Black and blue

Falava-se à boca cheia que a S. levava do namorado. Tinha mais dez anos que ela, divorciara-se da mulher e estava constantemente a pedir-lhe o dinheiro que ela ganhava a trabalhar enquanto estudava. Certo dia, ela apareceu na faculdade com os dois olhos enfeitados por manchas negras, a cara inchada. Perguntei-lhe o que lhe tinha acontecido. «Bati contra uma porta», respondeu-me. «E magoaste os dois olhos?», insisti, olhando-a bem no fundo dos olhos, através das manchas que os cercavam e que nem a maquilhagem tinham conseguido disfarçar.
Ela encolheu os ombros, esboçou uma tímida tentativa de sorriso e baixou os olhos. «E como raio fizeste uma coisa dessas», insisti, «para teres feito esse serviço à cara? Bateste de frente, foi?»
Ela sorriu mas não respondeu. Depois, absorta com os meus próprios botões, acabei por esquecer o assunto e nunca mais lhe fiz perguntas.
Estava um calor de rachar. Ainda assim, a C. andava de gola alta, de mangas compridas e calças. O Sol convidava ao bronze, mas a C. estava cada vez mais pálida, cadavérica e com ar doente. Os olhos cada vez mais encovados faziam-me lembrar um coelho assustado. Uma conversa de circunstância com o guarda nocturno enquanto ambos esperávamos o autocarro deixou-me esclarecida.

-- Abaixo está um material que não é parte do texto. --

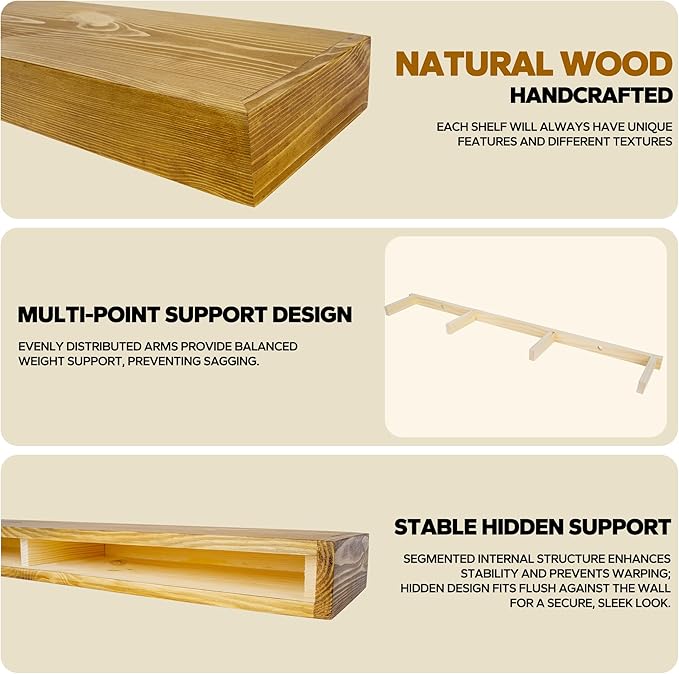 Floating Shelves 3 inch Thick for Wall Set of 2,Solid Pine Wood Wall Mount Shelf for Kitchen Living Room Bedroom Bathroom,8" D x 48" L x 3" H-Gold Oak-Ruum Studio Home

«Estive quase para me meter», confessou-me ele, indignado. «Vi-a a correr por ali abaixo, e depois ele apareceu a correr atrás dela e deixou um empurrão e a rapariga caiu ao chão», disse-me, e depois deu uma passa no cigarro. «Depois deu-lhe dois pontapés e quando ela se levantou, ele deu-lhe uma bofetada e atirou-a outra vez ao chão.» Nova passa. «Filho-da-puta! Aquilo não se faz. Desgraçada da miúda!» Mais uma baforada de fumo, enquanto o ouço em silêncio, e a seguir diz, em jeito de desculpa: «Sabe, eu não me quis meter, entre marido e mulher não se deve meter a colher, mas meteu-me impressão vê-lo ali a bater na rapariga, e não poder fazer nada...»
Abanei a cabeça, sem saber o que dizer. Se tivesse presenciado a situação, talvez tivesse feito o mesmo, não sei. Mas a partir daí nunca mais consegui olhar para o P.S. sem sentir um nó de nojo misturado com raiva a apertar-me o estômago.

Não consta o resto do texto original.